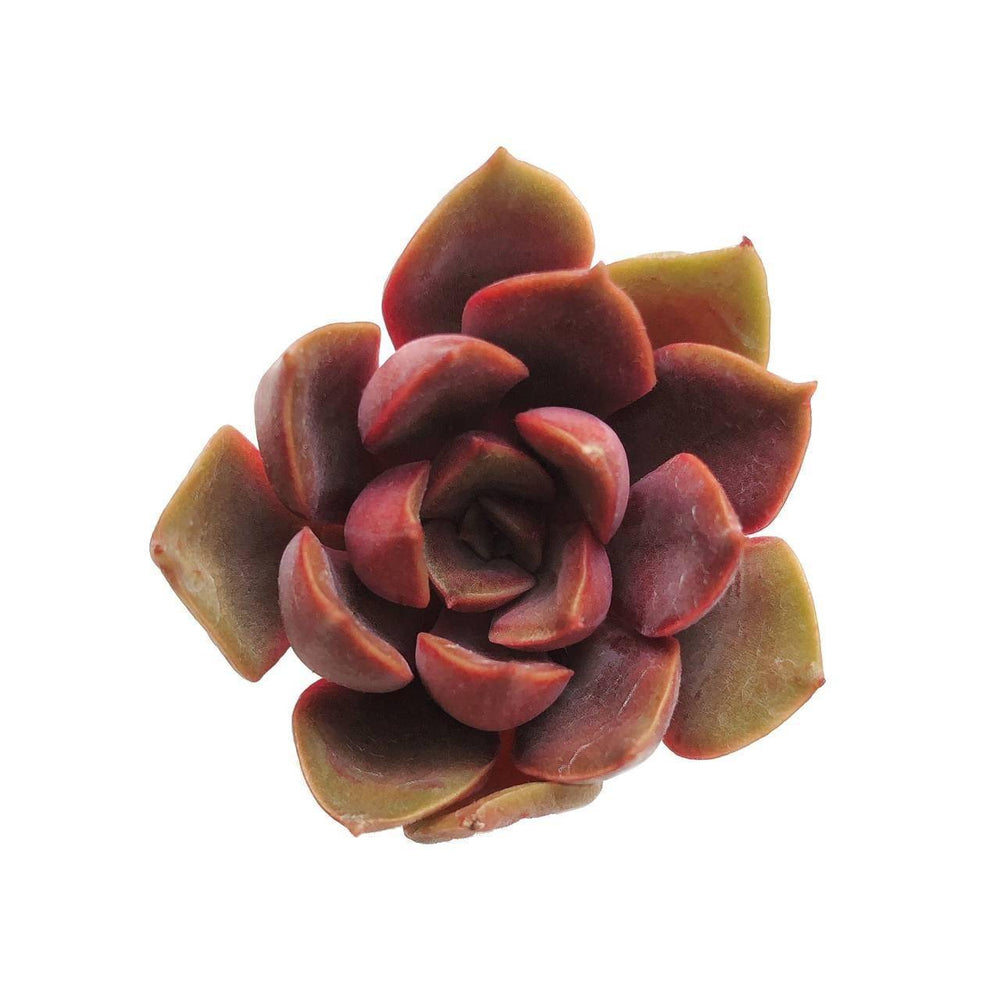 SPECIAL!! JUST CART! Echeveria Horizon, (Not so Random) – Cedar Creek ...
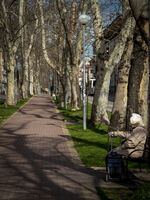 Ако не сте скоро, потърсете баба си.; comments:3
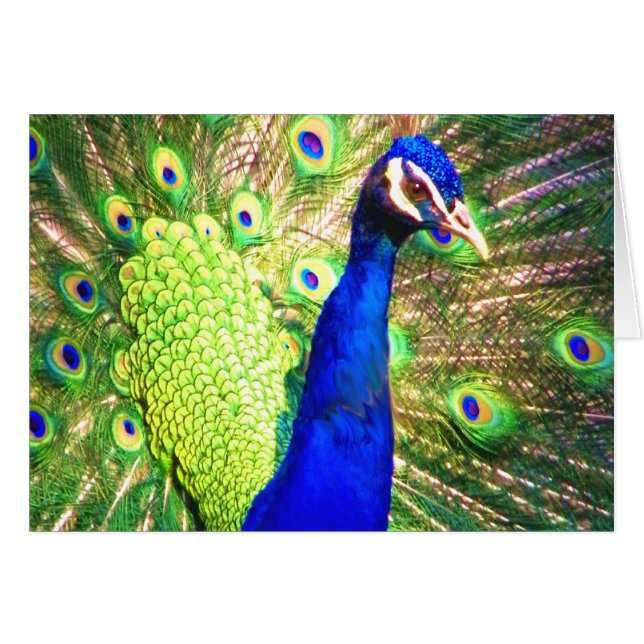 Difundir el amor (Anverso (Horizontal))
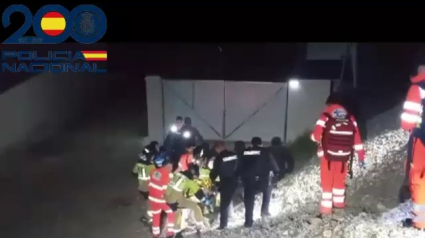 Rescate en las vías del tren de Ávila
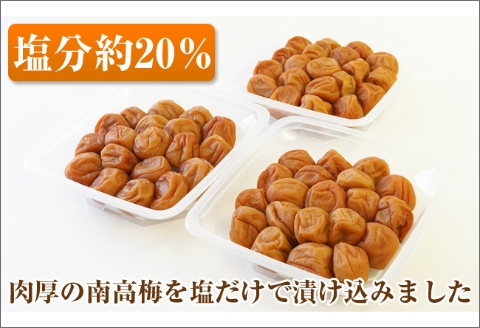 【0752-4】【和歌山県/紀州南高梅】紀州南高梅 昔ながらの白干し梅 1.5kg（500g×3パック） 塩分約20%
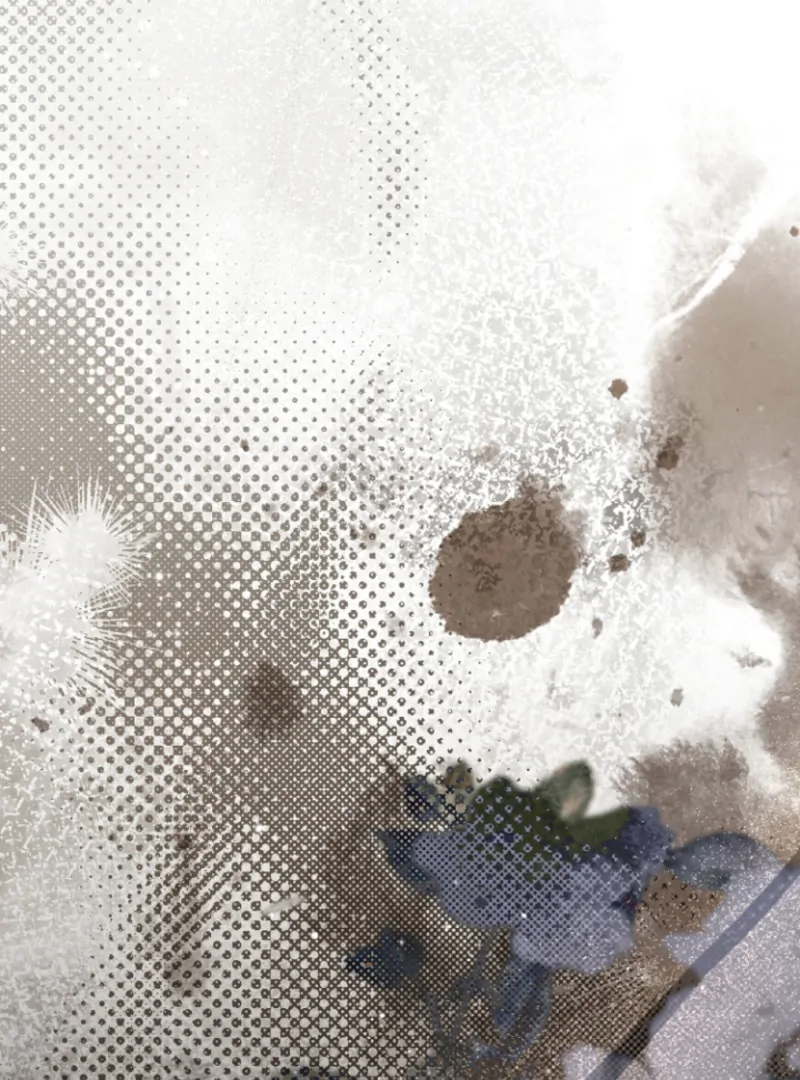 Chapter 29 - Image 61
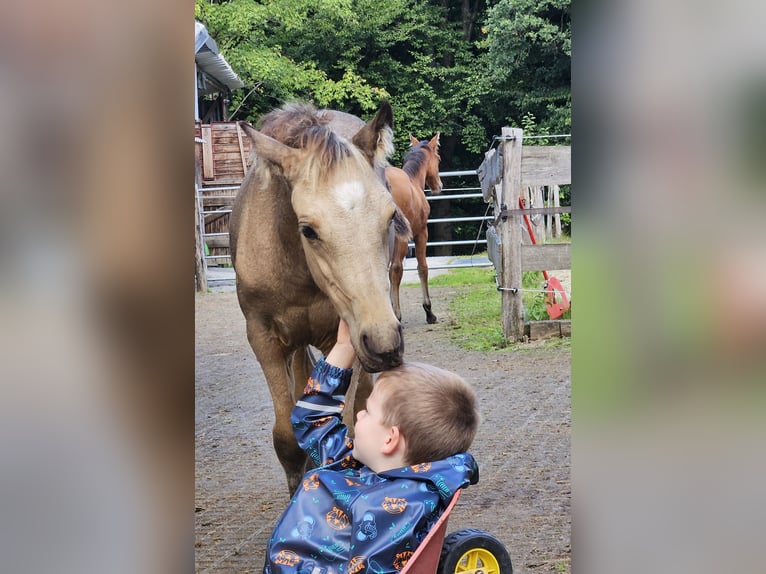 Quarter Pony Merrie 1 Jaar 145 cm Buckskin in Siegen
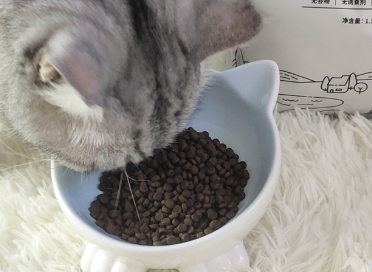 喂莱猫粮粗蛋白含量 喂莱猫粮粗蛋白含量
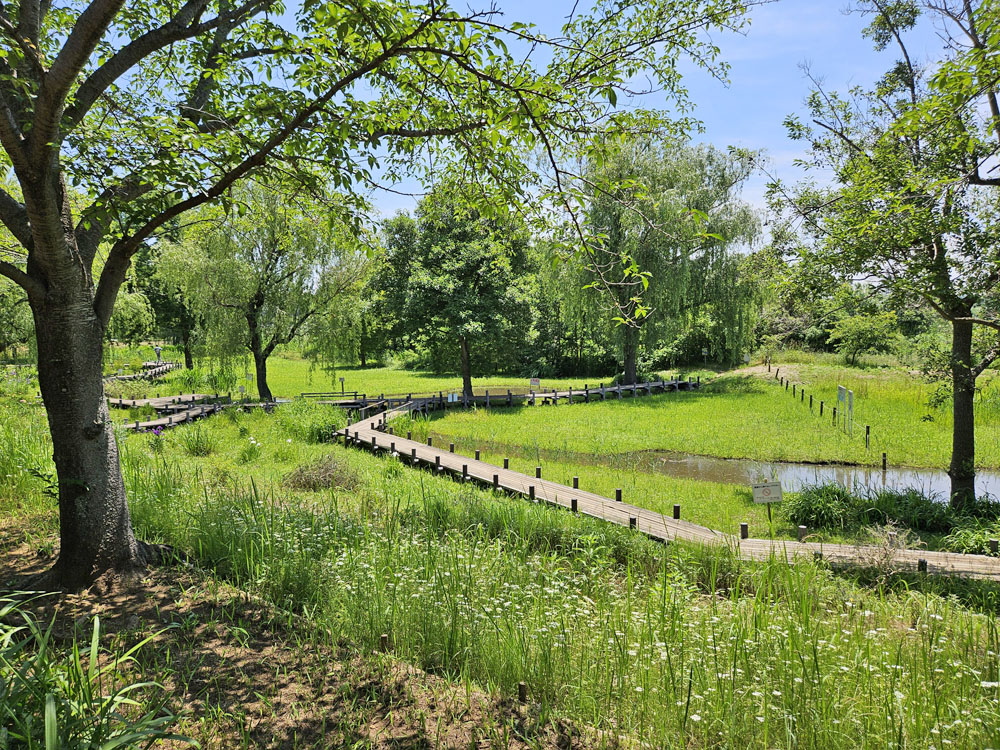 柏ふるさと公園の蓮池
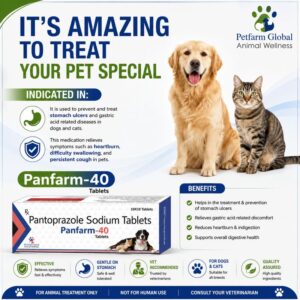 Panfarm-40 Tablets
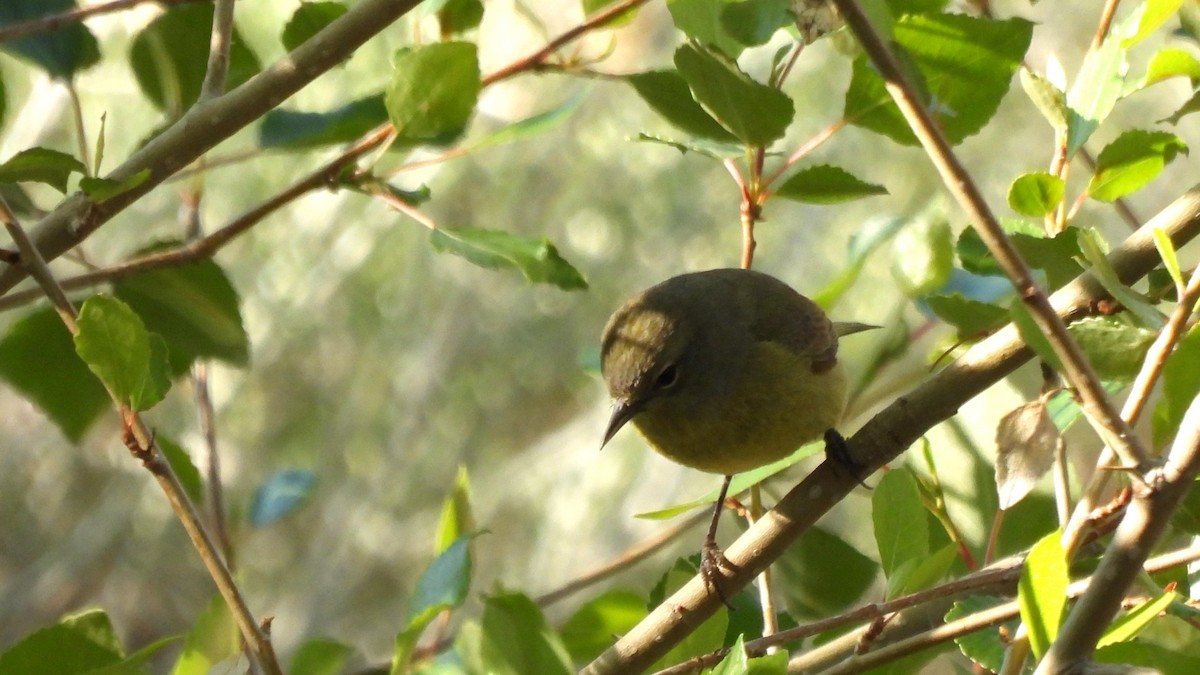 Orange-crowned Warbler - ML640282455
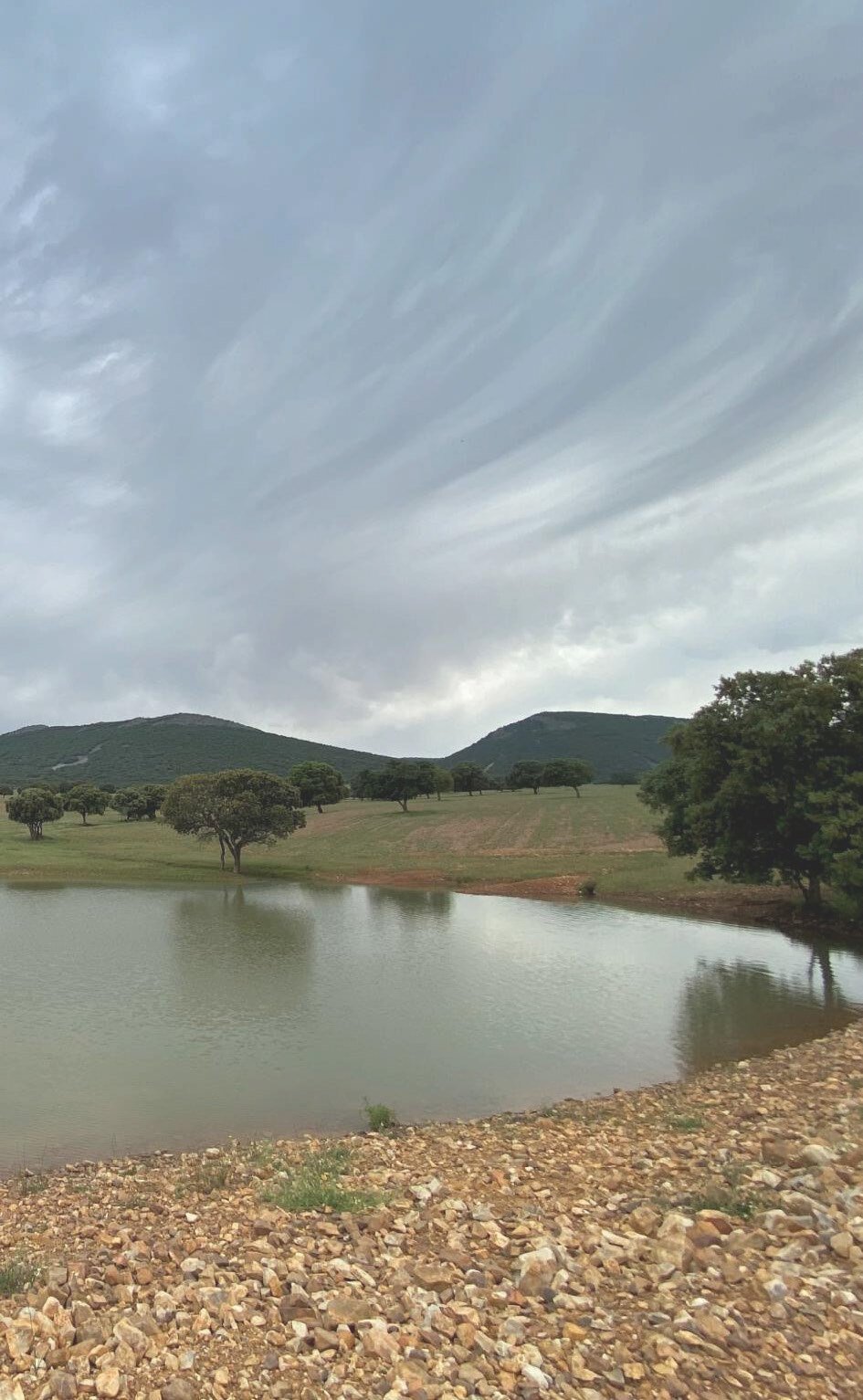 Estate in Ciudad Real, Castile-La Mancha, Spain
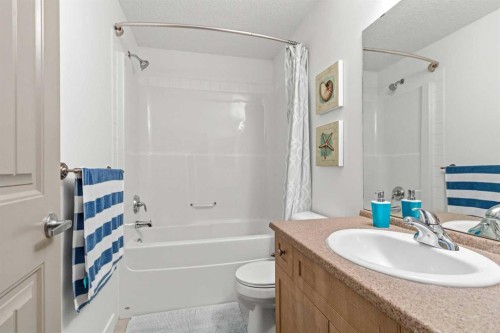 2117-204 Sparrow Hawk Drive, Fort Mcmurray, AB - Indoor Photo Showing Bathroom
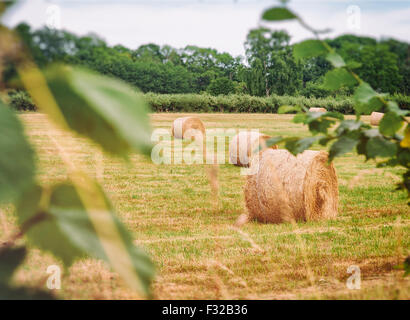 Bild von Heuballen in einem Feld. Schwedische Landschaft. Stockfoto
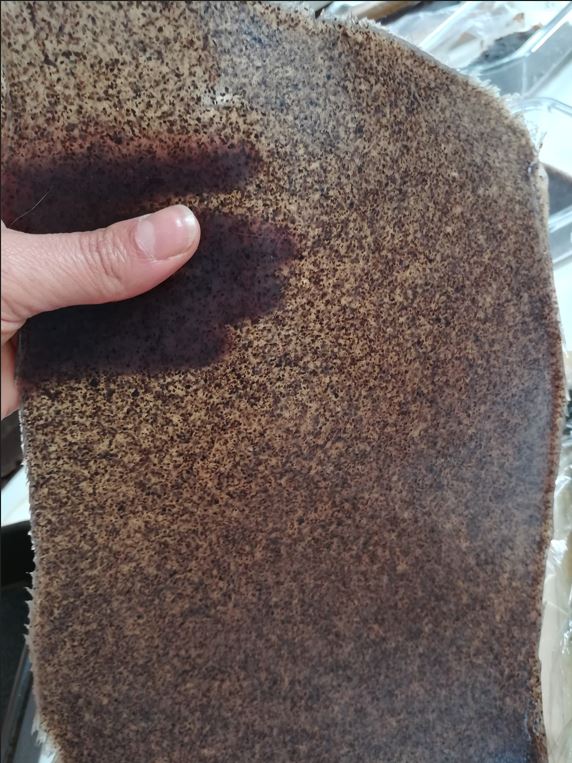 16-Dorado_2023_2 - LAD UNLA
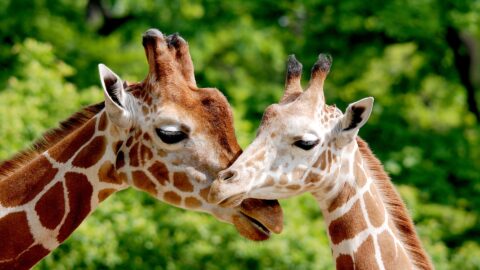 Giraffe
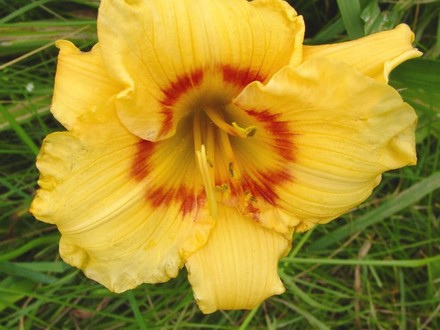lily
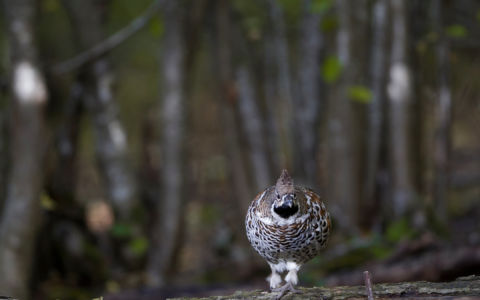 Edition 2019 - Jean Guillet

* What you should do *
What is needed is a word-for-word restatement of the lines from the one holding "Orange-crowned Warbler - ML640282455" to the final line of the data above, inclusive, without any pictures.

* Task result *
 Orange-crowned Warbler - ML640282455
 Estate in Ciudad Real, Castile-La Mancha, Spain
 2117-204 Sparrow Hawk Drive, Fort Mcmurray, AB - Indoor Photo Showing Bathroom
 Bild von Heuballen in einem Feld. Schwedische Landschaft. Stockfoto
 16-Dorado_2023_2 - LAD UNLA
 Giraffe
lily
 Edition 2019 - Jean Guillet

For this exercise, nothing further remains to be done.